_Task description_
From the first line of the data down to the line bearing "Now if you look", output every line exactly and include no pictures.

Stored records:
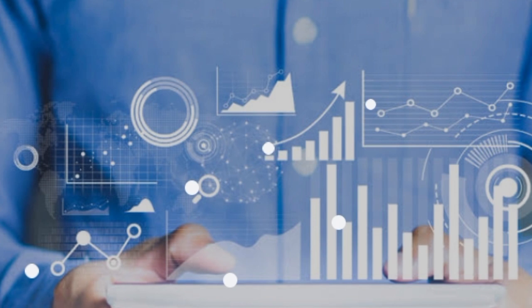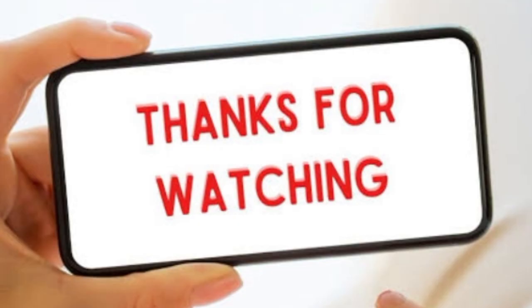In our next video, we'll discuss how data management impacts performance and productivity, and explore even more tools to optimize the process. Thanks for watching. Don't forget to like, subscribe, and hit that notification bell so you don't miss out on the rest of the series.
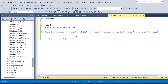In today's video we will solve a conceptual SQL interview question, something which is very similar to the Pareto rule but not exactly Pareto rule. The question is: find the least number of products and list the products that contribute to 80 percent or more of the total sales.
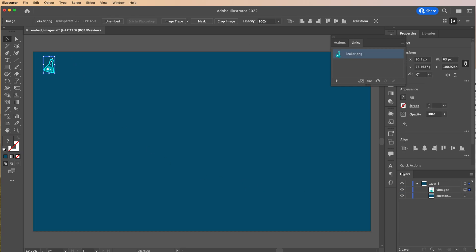Now if you look back down in the layers panel, you'll notice that this has changed. It no longer says that it's linked. It says it's an image. So now it is officially packaged inside your Illustrator file and you can send it to whomever you want to.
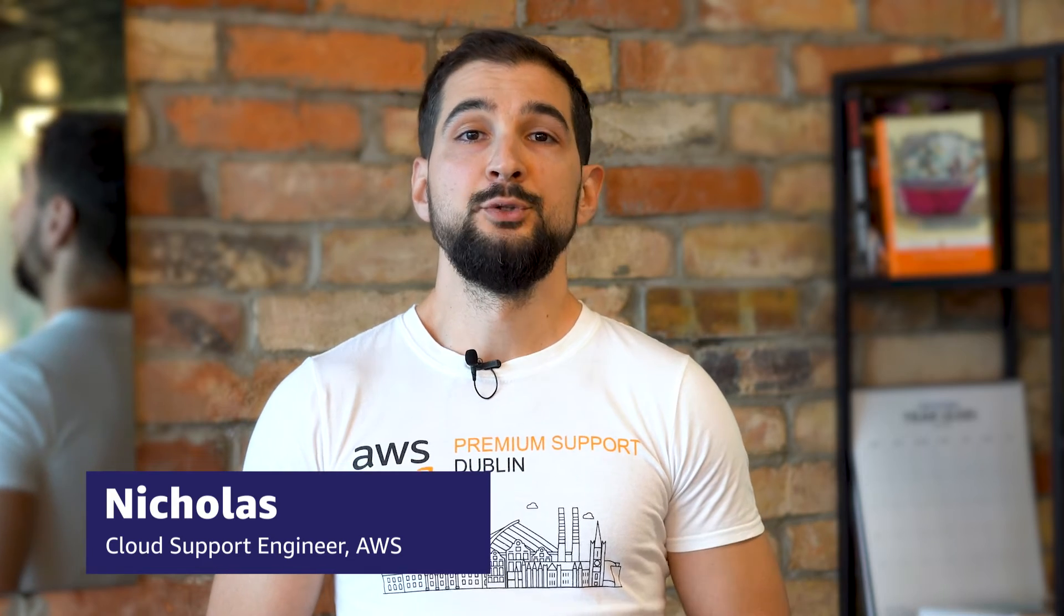Hello, I'm Nicolas, a Cloud Support Engineer here at the AWS office in Dublin. Today I'm going to show you how to set up Amazon Inspector Classic to run security assessments on your Amazon Elastic Compute Cloud instances. Let's get started.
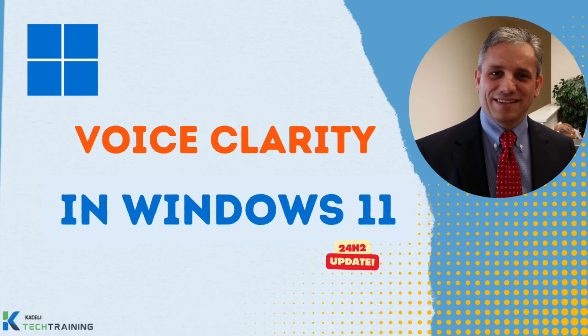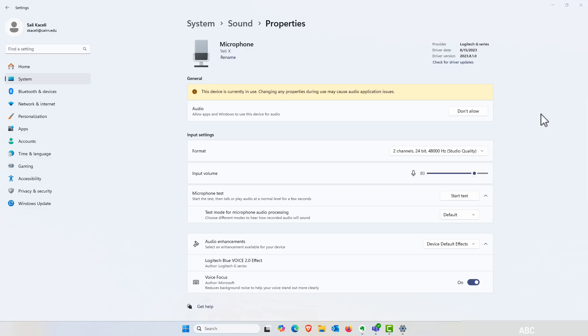With the 24H2 release of Windows 11, Microsoft has introduced Voice Clarity, an AI-powered microphone enhancement feature that removes background noise when you're on a call or recording.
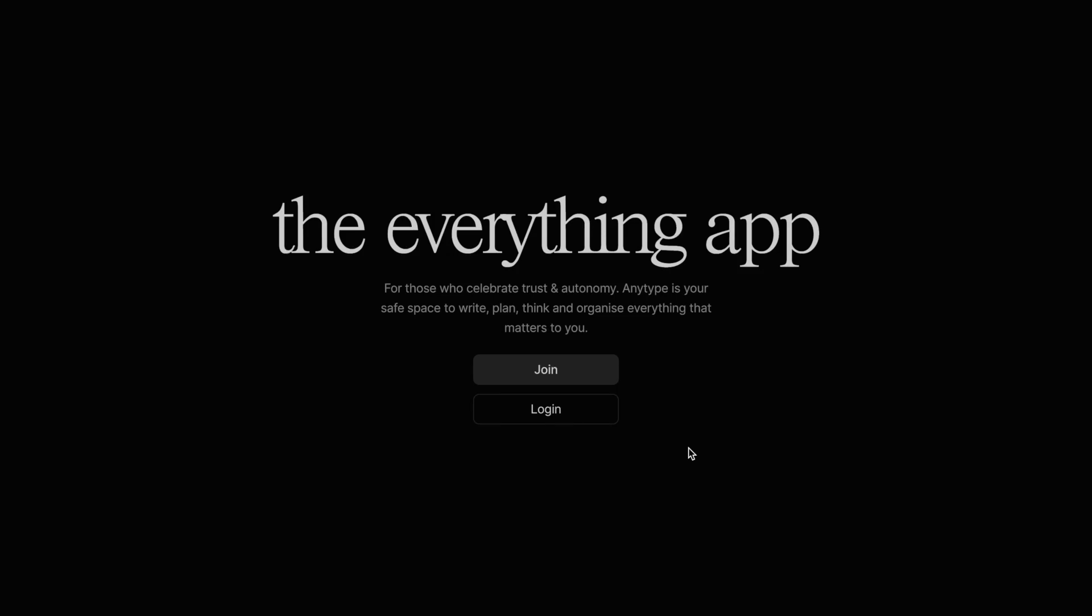Anytype is a really valuable tool. There's a lot of potential locked within this beta application. But one of its downsides is that there's a lot of terms and ideas that can seem really confusing, especially because there's not a lot of consistency between how they're applied.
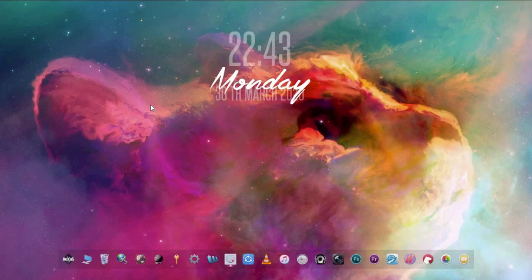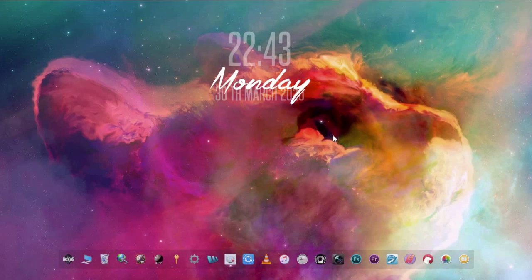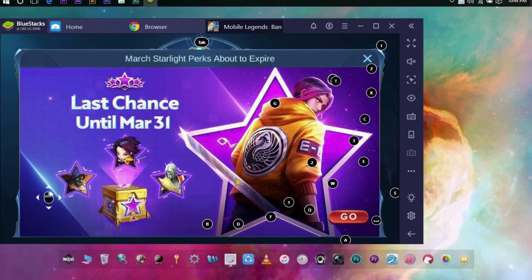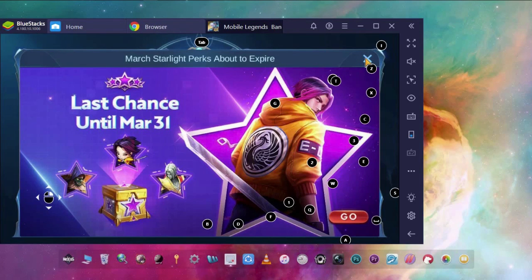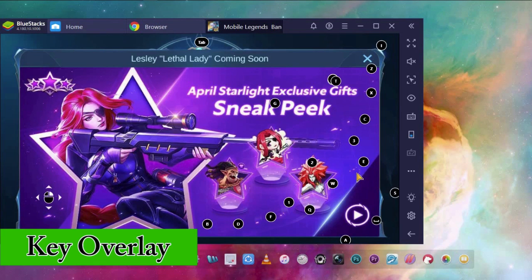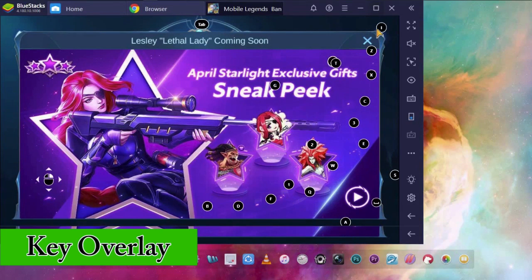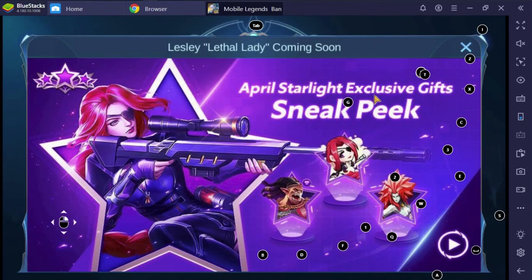Maybe some of you are new in Bluestacks because you play mostly on your mobile device. But when you try to play Mobile Legends, you saw these annoying keys on your screen. These letters are called key overlays. It tells you what keys you're going to press if you want to use certain actions in the game. You may find it annoying because it's everywhere, so you want to remove them but you have no idea how.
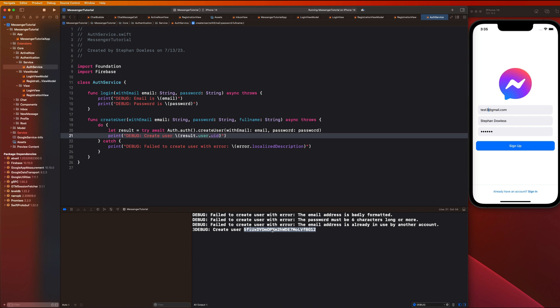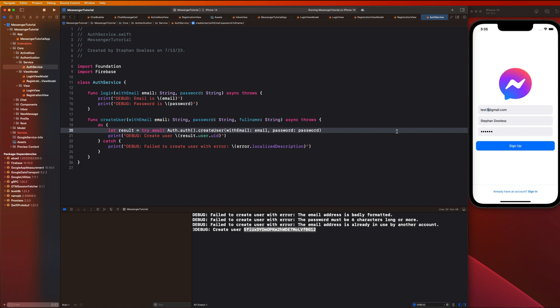We successfully created a test user in our application. In the next couple of videos we'll finish the authentication process — we need to implement logic to navigate the user to the inbox view after a successful signup or login, and also implement the login and sign-out functionality. After that we'll get into sending messages to different users, so stay tuned.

_Exercise response_
In our next video, we'll discuss how data management impacts performance and productivity, and explore even more tools to optimize the process. Thanks for watching. Don't forget to like, subscribe, and hit that notification bell so you don't miss out on the rest of the series.
In today's video we will solve a conceptual SQL interview question, something which is very similar to the Pareto rule but not exactly Pareto rule. The question is: find the least number of products and list the products that contribute to 80 percent or more of the total sales.
Now if you look back down in the layers panel, you'll notice that this has changed. It no longer says that it's linked. It says it's an image. So now it is officially packaged inside your Illustrator file and you can send it to whomever you want to.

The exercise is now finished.